In 2000, as we prepared to move back to San Antonio, I told my wife that I intended to go back to the Catholic Church again. Her response was, “Good. I think I’ll go with you.” We did, and this time she became a confirmed Roman Catholic, which means she joined the Church through the sacrament of Confirmation.
We did everything to be good, active, participating members of our large Parish: pray, pay, and obey, as one guy called it. If there was anything we could do, we did it. We went to every adult religious education class, and we participated in many other “ministries.” I ended up teaching those adult classes and I added several lessons to the curriculum, including a critical one called, The Problem of Evil.
I read all of the Bible and started adult Bible Study classes. I did all the lesson plans and taught every class for years. I also taught children’s religious education classes.
I applied to be ordained as a Deacon, but later withdrew my application for a variety of reasons. One was time, and becoming a Deacon required a multi-year program. For two years, I was a member of the Parish Council, then I served as its President for two more years. We were in the top five percent of financial donors to the Parish. My oldest son was married in the church. We did it all. My wife was also employed as the Parish Office Manager for more than 10 years. After she retired, I applied for and received a job promotion that required a move to Florida.
Before we moved, I began to realize that my twelve year immersion into the religion and church of my youth had crystalized within me what I was trying to avoid. I was deeper in doubt. Oddly, it was like I knew too much. I began to realize that I didn’t believe any of it. I felt unfit for any religion because no matter what I did over the years, I did not believe what I professed. I couldn’t. I don’t do hypocrisy well.
I was not ignorant. By 2012, short of most clergy and some long-time apologists, I knew as much about the Christian faith and many other religions, as any layman–more than most. For the next two years, I pondered my beliefs and all that I had put myself through. I am a… I’m… what?
I no longer considered myself a Catholic, practicing or otherwise. I was peeling away the nonsense and discovering my personal truth. I knew the answer, but I avoided it.
I watched a documentary about former ministers who are now atheists. Some were still ministers. I was in awe of their courage. I couldn’t imagine doing that. I still can’t. That’s when I knew I was going to come clean. But how? When? As what?
I probably have not believed in god since I was about 12, but I kept trying. I couldn’t bring myself to write or to say words contrary to belief. I didn’t want to tell anyone. For a long time, no one asked. About three years ago, I did volunteer to a coworker, “I don’t believe it—none of it.” He’s an apostate Mormon and told me that his father, a life-long Mormon, eventually said the same thing.
Retiring and moving to the Seattle area provided time for me to consider my beliefs in greater detail. I read more about atheism, and I started to write about it.
Then, a few months ago while meeting with my writer’s group, one lady asked me, “Do you consider yourself an atheist?” I didn’t answer the question right then. After more thinking, I knew that I had to say it. So, days after being asked, my answer was yes–I am an atheist.
I gave up on religion because it never worked. Perhaps it never worked because after I reached the age of reason, I never believed again. I wanted to believe, and I wanted it to work. Now, I know that was impossible. I accept that, and I’m pleased with the outcome.
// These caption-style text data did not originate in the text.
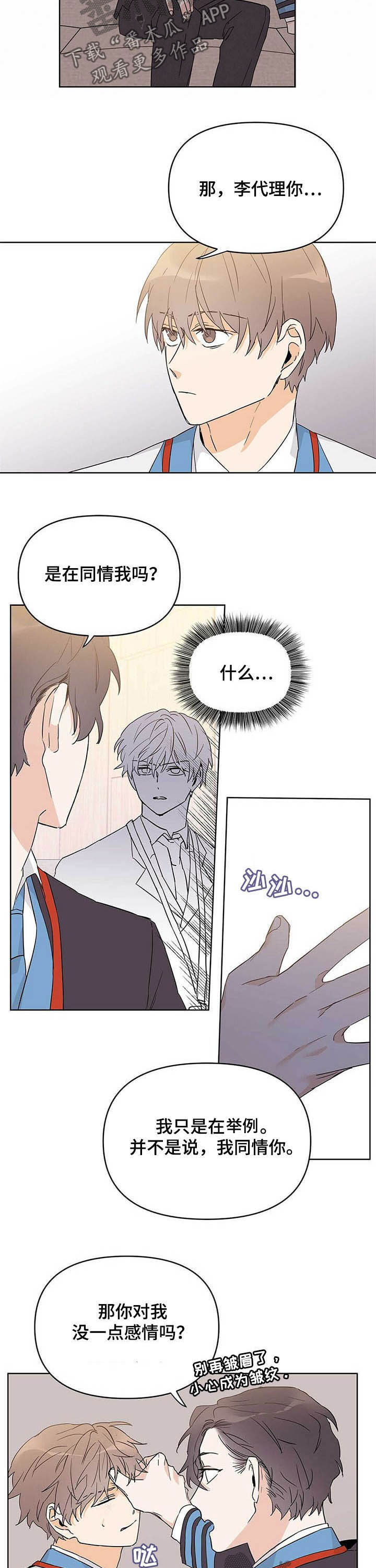 《命运指引》第32章感觉 第10页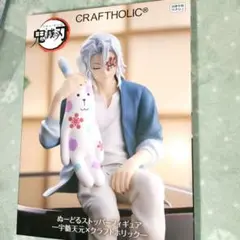 2026年最新】craftholic 宇髄天元の人気アイテム - メルカリ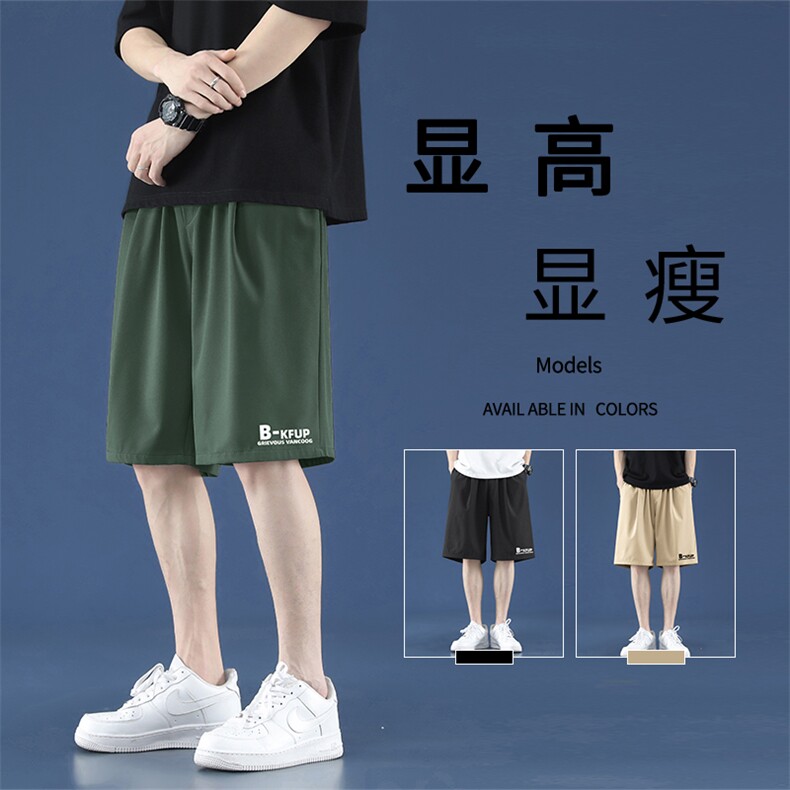 凉感印花冰丝短裤垂顺百搭时尚潮流休闲宽松DK507特批17,男装休闲裤,星座718-1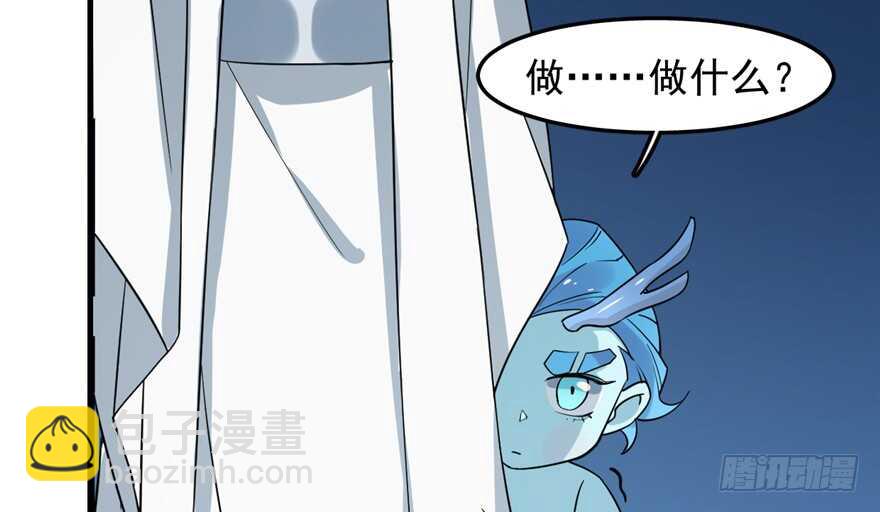 第50话6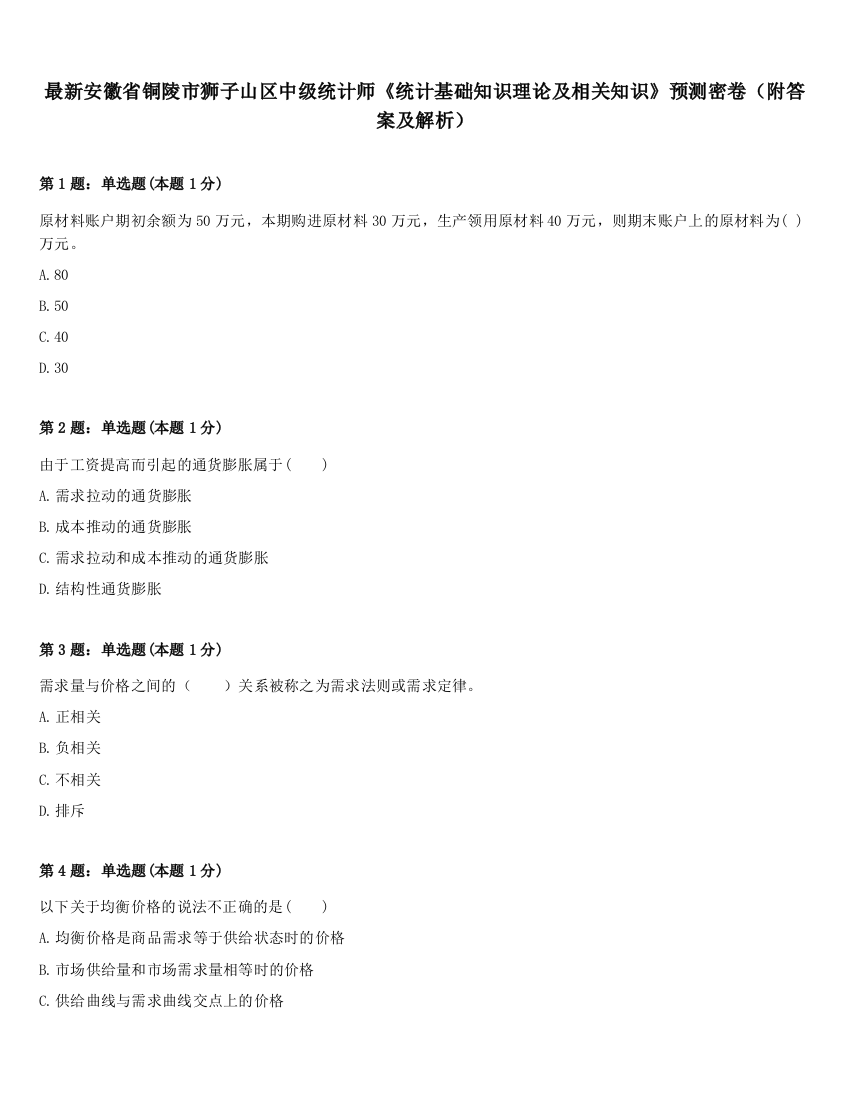 最新安徽省铜陵市狮子山区中级统计师《统计基础知识理论及相关知识》预测密卷（附答案及解析）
I have few regrets about any of my life-long spiritual journey. However, I do regret that so many people consider atheism a dark, bad, evil thing. It’s not. Admitting my atheism freed me from the last of my self-imposed, people-pleaser bondages. Now, I need to find a pinball machine for Sunday mornings. Free again, at last.
May your spiritual journey lead to discovery of your personal truth. Let no one place limits on your life, so that you may grow and learn. We need not fear the truth revealed to us, by us.
What It Was Like
I’ll spare you details. But during the 1990s all hell broke loose in my life and I thought it had gone into the proverbial toilet.
I like to joke that I’m recovering from middle age. But, I am simply living my life. My life is good now, but recovery is an ongoing process. While many of my decisions may have been random, they seemed logical at the time. I was desperate, but knowing that I was not alone mattered.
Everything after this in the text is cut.